Tous ces emplois sont positifs et consistent à exercer un sain discernement.
Certes, ce n’est pas encore le temps du jugement où « le Seigneur mettra tout en lumière » (1 Co 4.5; Hé 4.13). Mais il importe de ne pas laisser s’installer un esprit de dissimulation qui nuirait à l’avancement du peuple de Dieu, à l’œuvre de la grâce (Ps 32.3-5; Mt 18.15; Lc 11.35; Jn 3.19; 1 Co 14.24-25; Ép 5.8, 13; 1 Jn 1.8).
En somme, Paul dit aux chrétiens : Devenez adultes! « Frères, ne soyez pas des enfants pour ce qui est du jugement. Soyez des hommes faits! » (1 Co 14.20). Ici, être un enfant, c’est juger n’importe comment; être adulte, c’est exercer un jugement fiable. Il y a donc deux écueils à éviter : celui d’agir trop vite, impulsivement, et celui de ne pas intervenir… pour ne pas se tromper. La précipitation et la passivité.

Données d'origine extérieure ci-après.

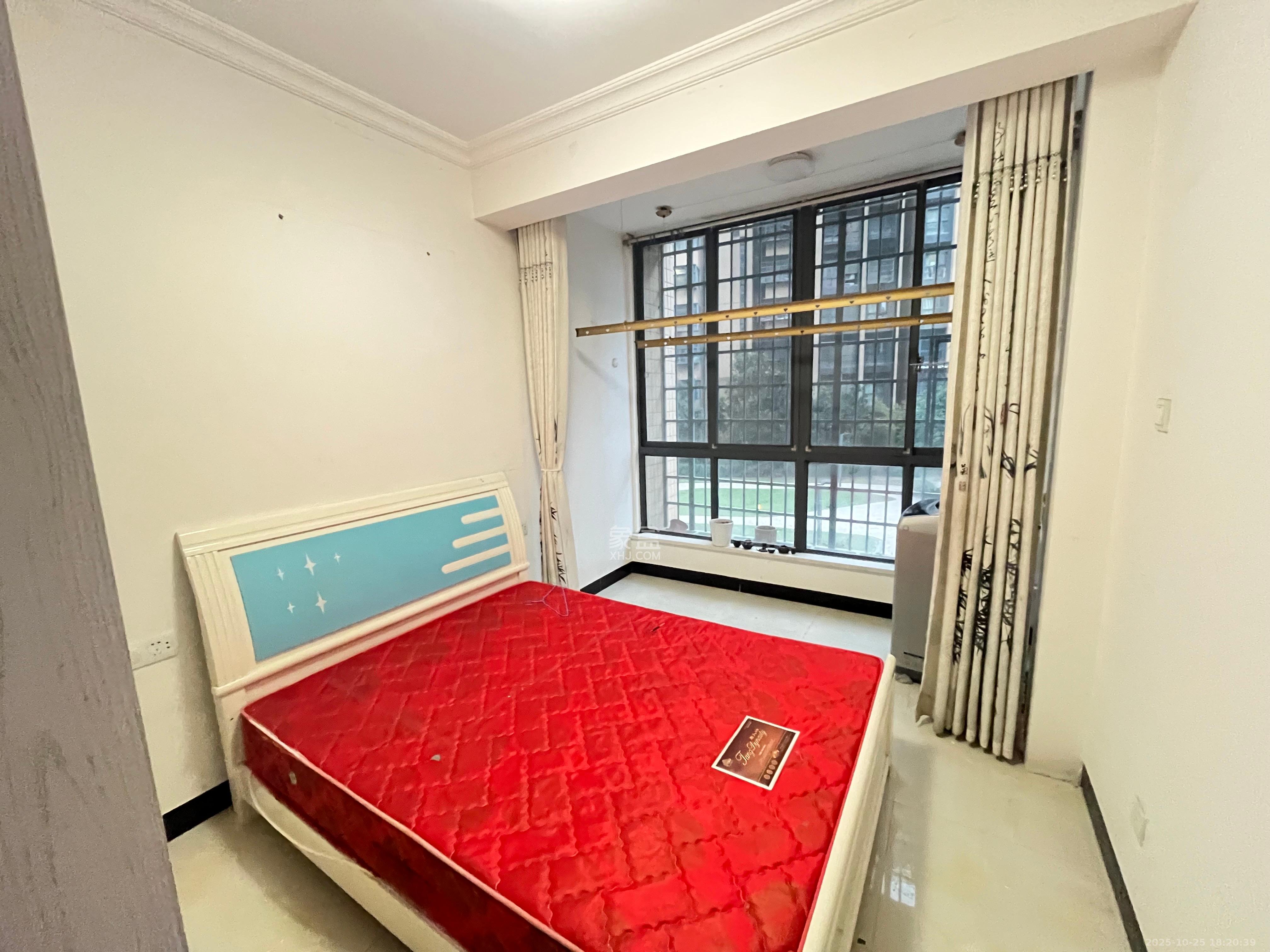 万科魅力之城  3室2厅1卫    1800.0元/月 万科魅力之城  3室2厅1卫    1800.0元/月室内图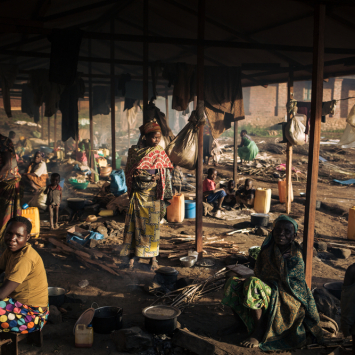 Ituri, República Democrática do Congo: centenas de milhares de pessoas afetadas pelo conflito precisam urgentemente de assistência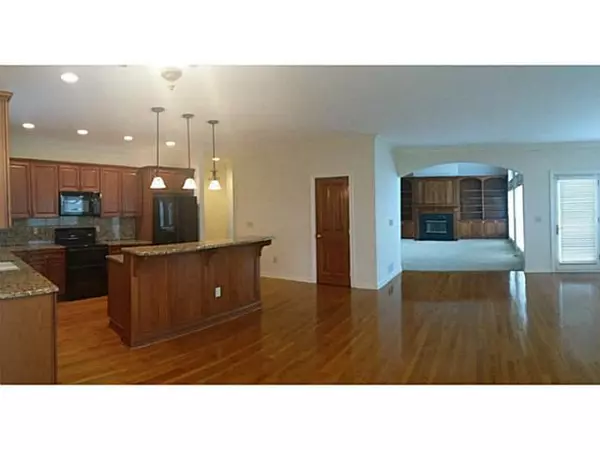 Dublin, OH 43016,8163 Campden Lakes Boulevard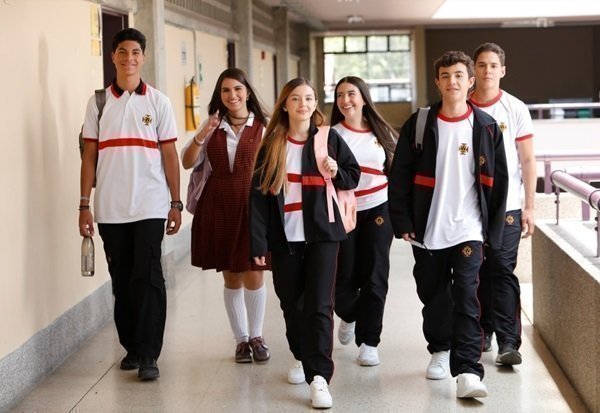 Estudiantes de bachillerato del Colegio de la UPB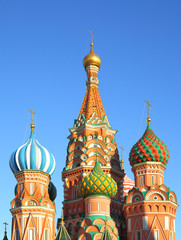 Fototapeta na wymiar St. Basil cathedral in Moscow
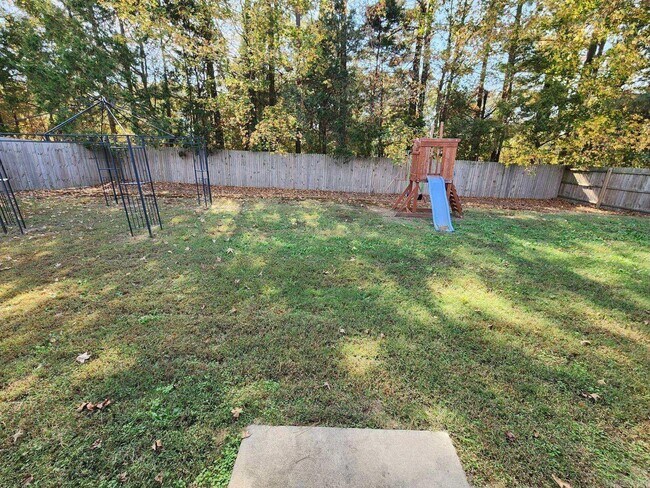 Building Photo - 1618 Lil Larry Dr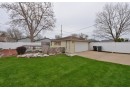 6843 Lone Elm Dr, Caledonia, WI 53402 by Shorewest Realtors $259,900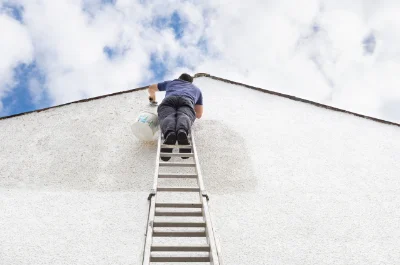 Peinture extérieure au Château-d'Almenêches — façades et ravalement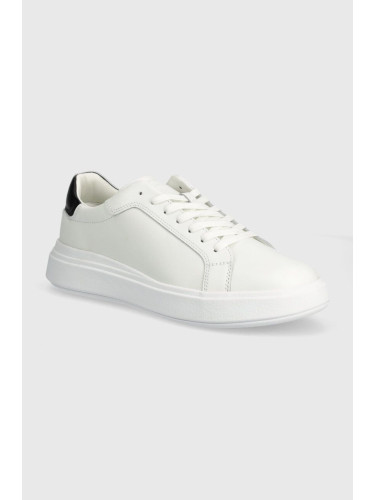 Кожени маратонки Calvin Klein LOW TOP LACE UP LTH в бяло HM0HM01016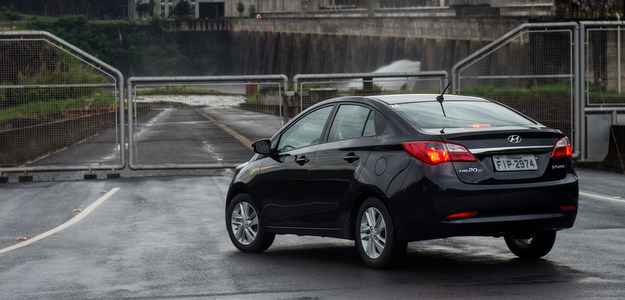Porta-malas de 450 litros � menor que o do rec�m-concorrente Prisma  (Hyundai/divulgacao)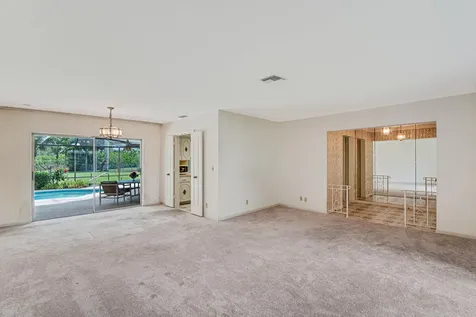 22086 E Soliel Circle Boca Raton FL 33433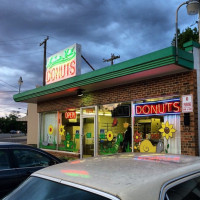 The Same Good Donuts outside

Ainsi, la question n’est pas : Faut-il juger ou s’abstenir? La question est : Comment remplacer les jugements charnels, laxistes ou intransigeants, par des jugements spirituels exercés de la part de Dieu, avec l’approbation de Dieu? Les premiers sont tellement néfastes, il est vrai. Mais les seconds sont tellement désirables! Désirons-les si nous voulons avancer, si nous ne voulons pas ressembler aux habitants de Ninive, si nous voulons aider ceux qui en ont besoin. Demandons à Dieu de nous accorder d’être nous-mêmes capables de juger, de discerner avec sagesse, dans les situations où il nous a placés.
Notes
1. Quand Jésus dit de ne pas juger en Luc 6, il utilise juste après le verbe condamner (v. 37), comme un synonyme.
2. L’idée de jugement n’est pas abolie par l’Évangile. « Dieu n’a pas envoyé son Fils pour qu’il juge le monde, mais pour le sauver. Cependant, celui qui ne croit pas est déjà jugé » (Jn 3.17- 18).
3. « On éprouve de la joie à donner une réponse de sa bouche; Et combien est agréable une parole dite à propos! » (Pr 15.23). « Comme des pommes d’or sur des ciselures d’argent, ainsi est une parole dite à propos » (Pr 25.11).
4. Calvin dit : « Dieu met l’enfant dans les bras de la mère et lui dit : Prends soin de lui de ma part, maintenant. »
5. C’est dans ce même chapitre que se trouve le récit du jugement de Salomon sur l’affaire des deux femmes et de l’enfant mort. Il s’agissait bien d’aider.